D. The final diagnosis rendered to a covered person that a medical condition did not pose a risk of resulting in (i) serious jeopardy to the mental or physical health of the individual, (ii) danger of serious impairment to bodily functions, (iii) serious dysfunction of any bodily organ or part, or (iv) in the case of a pregnant woman, serious jeopardy to the health of the fetus shall not disqualify a covered person's condition from being an emergency medical condition.

§ 38.2-3445.1. Patient access to elective services; out-of-network services.

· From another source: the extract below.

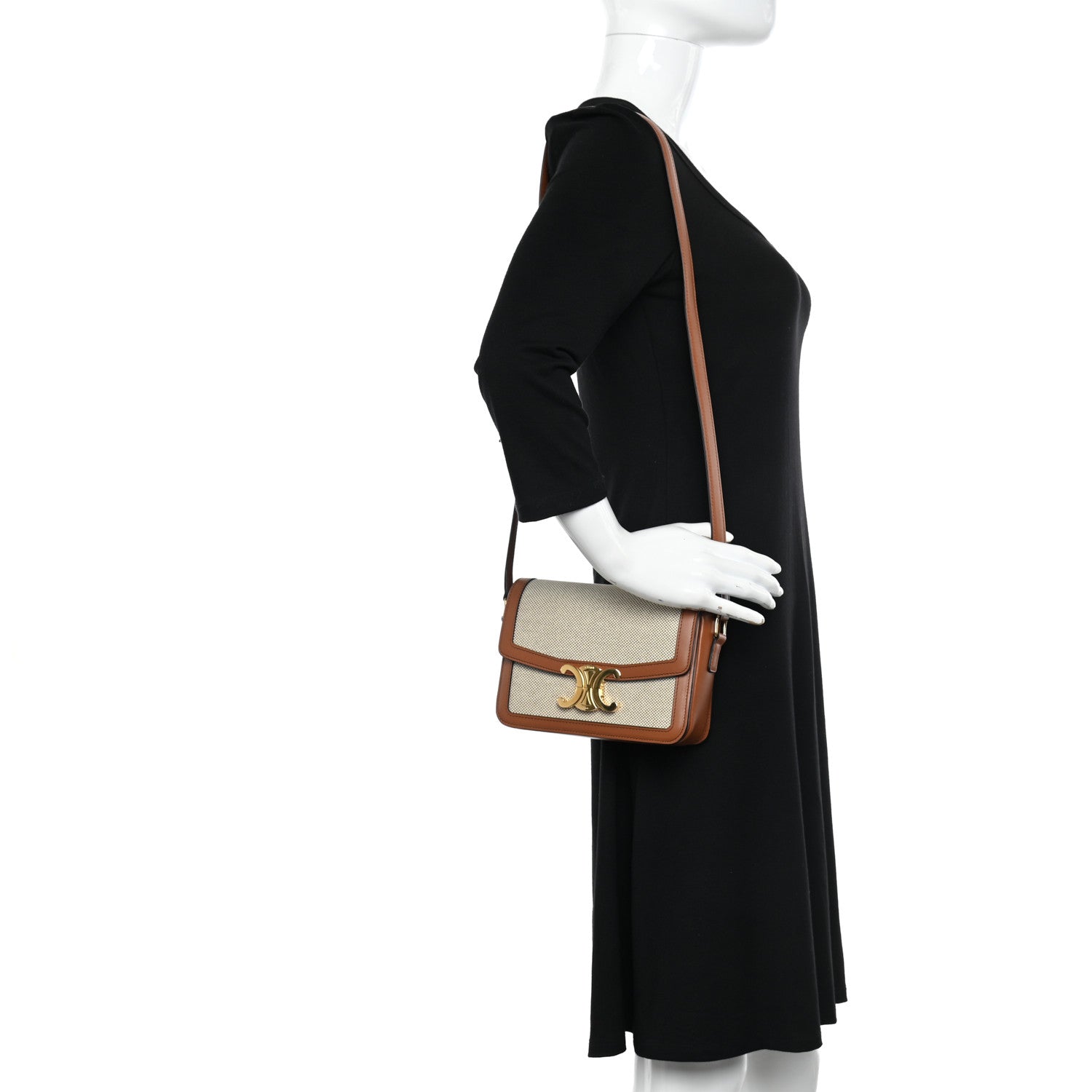 Celine Textile Natural Calfskin Teen Triomphe White Tan 2 of 11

A. In a facility where a covered person receives elective services, an authorized representative of the facility shall determine if the providers scheduled to deliver elective services to the covered person are in the network of the covered person's managed care plan. If the providers of such services are out-of-network, the authorized representative of the facility shall (i) inform the covered person or his legal representative of the out-of-network status of the provider, (ii) provide the covered person or his legal representative with the opportunity to be referred to an in-network provider, and (iii) prepare a document for signature by the covered person or his legal representative in which the covered person or his legal representative acknowledges liability for the excess of the amount of the out-of-network provider charges over the amount the health carrier is required to pay. A covered person shall not be required to pay such excess out-of-network provider charges, except applicable deductibles, copayment amounts, coinsurance rates, and amounts charged for services deemed by the health carrier to be noncovered services, unless a provider satisfies clauses (i), (ii), and (iii) and the covered person signs the document described in clause (iii).

B. In an office-based setting, a health care provider making a referral for elective radiology or pathology services shall determine if the providers of such services are in the network of the covered person's managed care plan. If the providers of such services are out-of-network, the health care provider shall (i) inform the covered person or his legal representative of the out-of-network status of the elective services, (ii) provide the covered person or his legal representative with the opportunity to be referred to an in-network provider, and (iii) prepare a document for signature by the covered person or his legal representative in which the covered person or his legal representative acknowledges liability for the excess of the amount the out-of-network provider charges over the amount the health carrier is required to pay. A covered person shall not be required to pay such excess out-of-network provider charges, except applicable deductibles, copayment amounts, coinsurance rates, and amounts charged for services deemed by the health carrier to be noncovered services, unless a provider satisfies clauses (i), (ii), and (iii) and the covered person signs the document described in clause (iii).